Tuesday, June 21, 2011

Dropbox Dropped The Security Ball - Hacking Into Anyone's Account Was A Fingertip Away

For the span of roughly four hours any layman trying to access other people's accounts at Dropbox ould have felt the same thrill as a hacker. In a post on Pastebin, a user describes how he noticed that there was no password control at Dropbox:
So I went to dropbox to change my password & the password change page looked flakey - I can't describe this in much more detail than so say that I clicked ok and nothing really seemed to happen. Did it work? Not sure, let's try the old password. Oh, it still works, so let's change it again. That appeared to work (I got a password updated message) - let's try the new password. Yup, good. Wait, I'm pretty sure I fat-fingered an extra character though -- etc.
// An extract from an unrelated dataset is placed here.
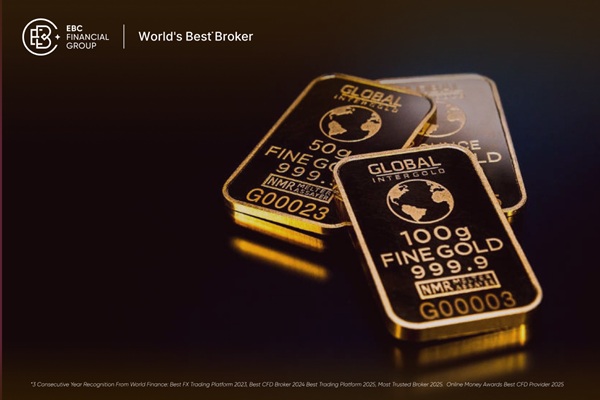 Gold Price Surge or Stall? The Key Drivers Right Now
Which led to me realizing that any password at all was fine, at which point I logged into the accounts of two friends using 1-character passwords like 'q' and 'z'.
In response, Arash Ferdowsi, CTO of Dropbox, posted on the corporate blog:
Hi Dropboxers,
Yesterday we made a code update at 1:54pm Pacific time that introduced a bug affecting our authentication mechanism. We discovered this at 5:41pm and a fix was live at 5:46pm. A very small number of users (much less than 1 percent) logged in during that period, some of whom could have logged into an account without the correct password. As a precaution, we ended all logged in sessions.

As more and more of us entrust our data jewels to the cloud, lets hope that services like Dropbox go on the offensive with regards to security practices and don't drop the ball. Let's hope they adopt stronger authentication methods than static username/passwords like one-time passwords or better yet challenge-response based logins.